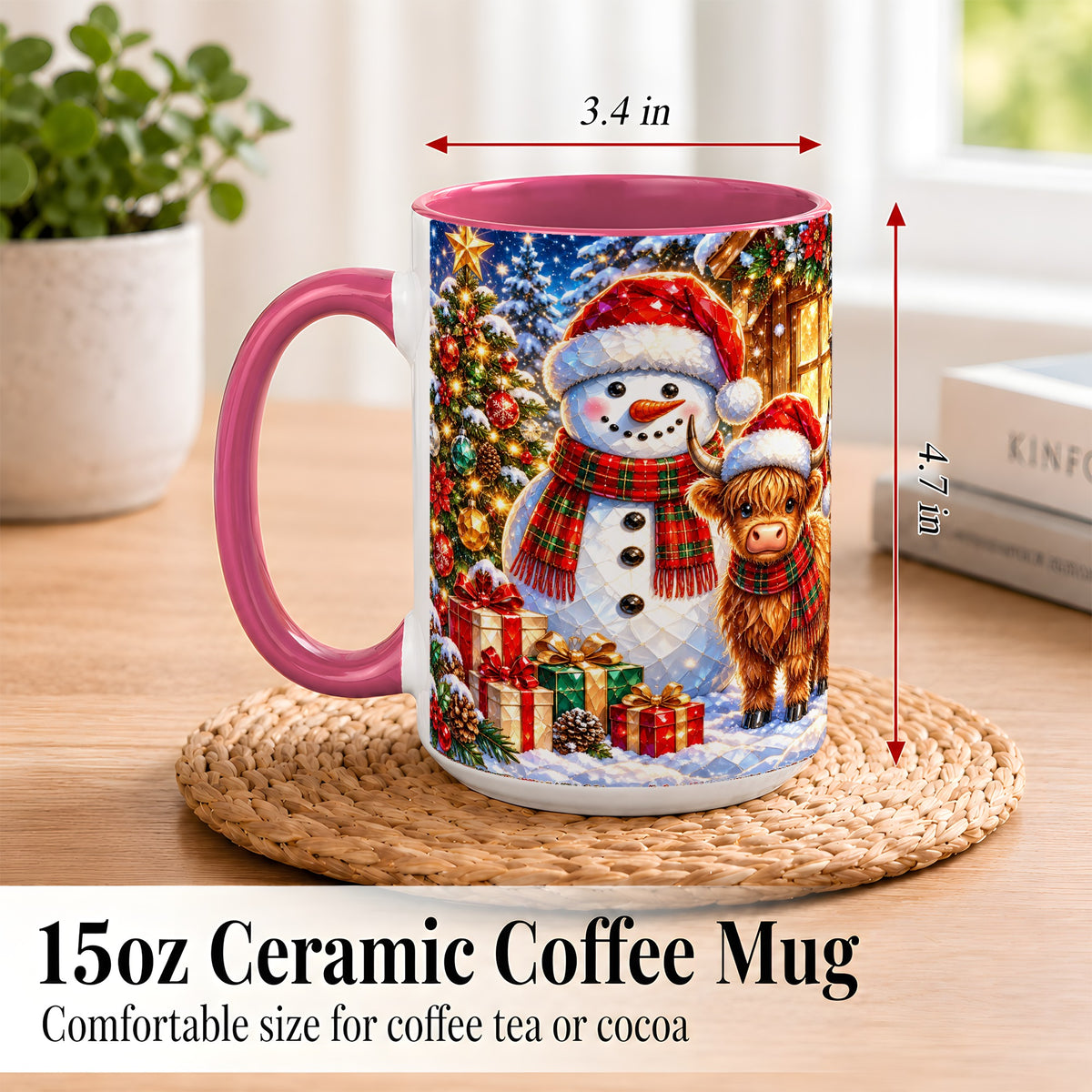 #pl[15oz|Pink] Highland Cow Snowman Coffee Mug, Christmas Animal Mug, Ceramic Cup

• • • • • • •

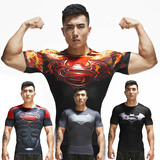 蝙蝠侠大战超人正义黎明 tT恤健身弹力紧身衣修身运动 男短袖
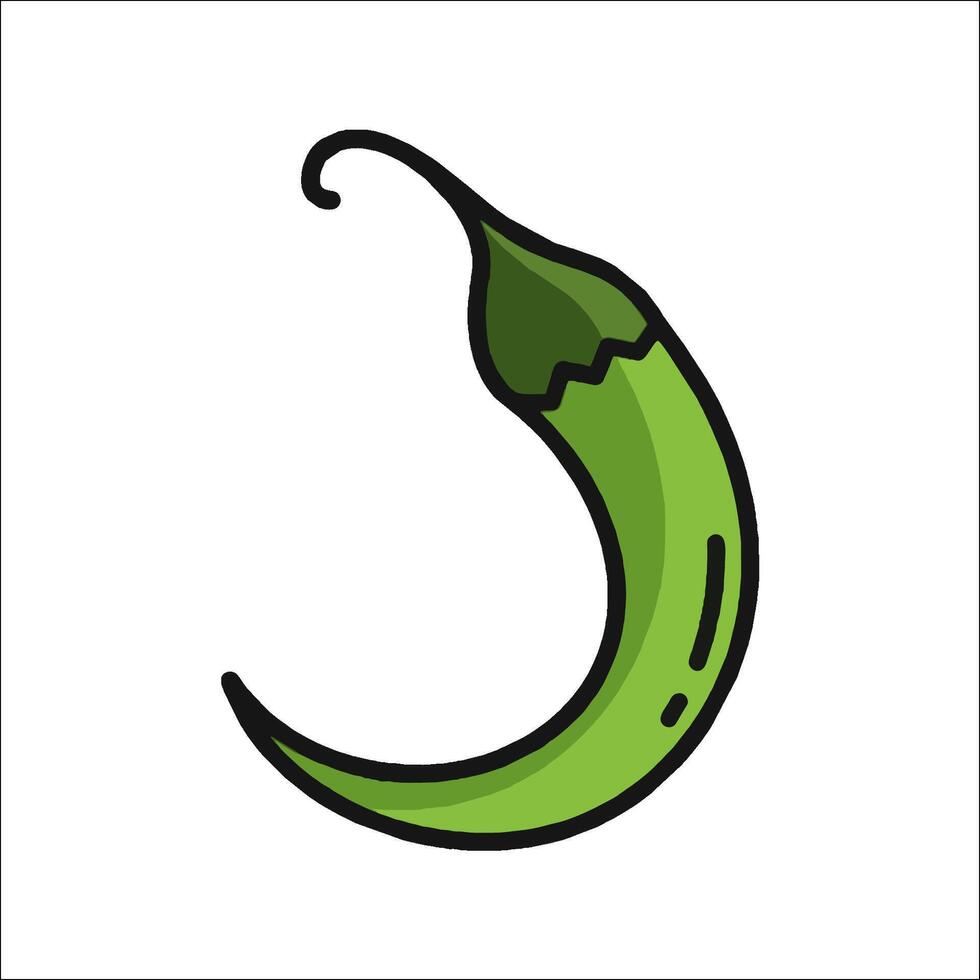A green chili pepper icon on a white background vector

• • • • • • •

● **TASK INSTRUCTIONS**
Starting at the line that contains "蝙蝠侠大战超人正义黎明 tT恤健身弹力紧身衣修身运动 男短袖" and ending at the line that contains "A green chili", transcribe the material above exactly, excluding pictures.

● **RESPONSE TO THE TASK**
 蝙蝠侠大战超人正义黎明 tT恤健身弹力紧身衣修身运动 男短袖
A green chili pepper icon on a white background vector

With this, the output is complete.